== Information supplied

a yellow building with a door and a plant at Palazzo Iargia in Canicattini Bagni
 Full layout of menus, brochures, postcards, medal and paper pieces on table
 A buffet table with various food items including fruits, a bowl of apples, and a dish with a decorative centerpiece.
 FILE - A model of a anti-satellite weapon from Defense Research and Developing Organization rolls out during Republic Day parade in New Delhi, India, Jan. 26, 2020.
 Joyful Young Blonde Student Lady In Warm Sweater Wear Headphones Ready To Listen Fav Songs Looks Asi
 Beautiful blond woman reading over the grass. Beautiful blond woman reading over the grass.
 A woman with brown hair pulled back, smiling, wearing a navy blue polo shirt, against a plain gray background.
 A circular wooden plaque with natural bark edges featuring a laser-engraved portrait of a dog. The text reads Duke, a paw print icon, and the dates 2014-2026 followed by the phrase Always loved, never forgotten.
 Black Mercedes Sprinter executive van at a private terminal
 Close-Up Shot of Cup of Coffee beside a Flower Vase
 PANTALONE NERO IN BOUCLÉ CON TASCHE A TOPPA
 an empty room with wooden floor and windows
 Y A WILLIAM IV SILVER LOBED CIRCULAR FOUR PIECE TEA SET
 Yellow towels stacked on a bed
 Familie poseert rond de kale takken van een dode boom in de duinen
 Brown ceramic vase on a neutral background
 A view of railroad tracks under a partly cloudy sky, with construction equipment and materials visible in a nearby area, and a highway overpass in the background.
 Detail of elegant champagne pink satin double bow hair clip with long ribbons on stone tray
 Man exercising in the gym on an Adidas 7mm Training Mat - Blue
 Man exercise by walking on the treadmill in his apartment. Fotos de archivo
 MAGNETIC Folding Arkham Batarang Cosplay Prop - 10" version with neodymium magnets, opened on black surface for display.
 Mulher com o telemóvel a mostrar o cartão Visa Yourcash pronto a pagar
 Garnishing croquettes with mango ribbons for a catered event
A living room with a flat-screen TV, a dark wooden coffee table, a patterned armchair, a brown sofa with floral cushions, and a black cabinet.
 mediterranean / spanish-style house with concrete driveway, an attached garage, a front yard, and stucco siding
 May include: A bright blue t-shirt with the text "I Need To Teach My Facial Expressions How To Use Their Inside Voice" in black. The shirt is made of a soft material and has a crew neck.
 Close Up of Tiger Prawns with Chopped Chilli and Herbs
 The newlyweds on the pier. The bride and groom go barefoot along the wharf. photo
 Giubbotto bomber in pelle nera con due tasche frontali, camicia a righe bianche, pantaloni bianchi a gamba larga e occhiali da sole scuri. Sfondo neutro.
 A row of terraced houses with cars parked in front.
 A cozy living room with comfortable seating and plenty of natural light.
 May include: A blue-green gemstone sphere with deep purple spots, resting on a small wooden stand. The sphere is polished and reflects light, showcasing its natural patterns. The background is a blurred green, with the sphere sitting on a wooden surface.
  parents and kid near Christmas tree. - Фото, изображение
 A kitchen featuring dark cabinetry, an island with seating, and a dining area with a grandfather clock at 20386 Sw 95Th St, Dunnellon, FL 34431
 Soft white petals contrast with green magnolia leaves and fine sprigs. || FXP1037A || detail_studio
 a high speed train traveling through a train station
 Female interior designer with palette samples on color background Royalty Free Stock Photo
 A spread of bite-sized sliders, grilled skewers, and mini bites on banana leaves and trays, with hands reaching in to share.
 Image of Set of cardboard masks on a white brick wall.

====

Exercise brief
Which lines in the records above contain the word "seating"? Copy each one.

The answer
 A cozy living room with comfortable seating and plenty of natural light.
 A kitchen featuring dark cabinetry, an island with seating, and a dining area with a grandfather clock at 20386 Sw 95Th St, Dunnellon, FL 34431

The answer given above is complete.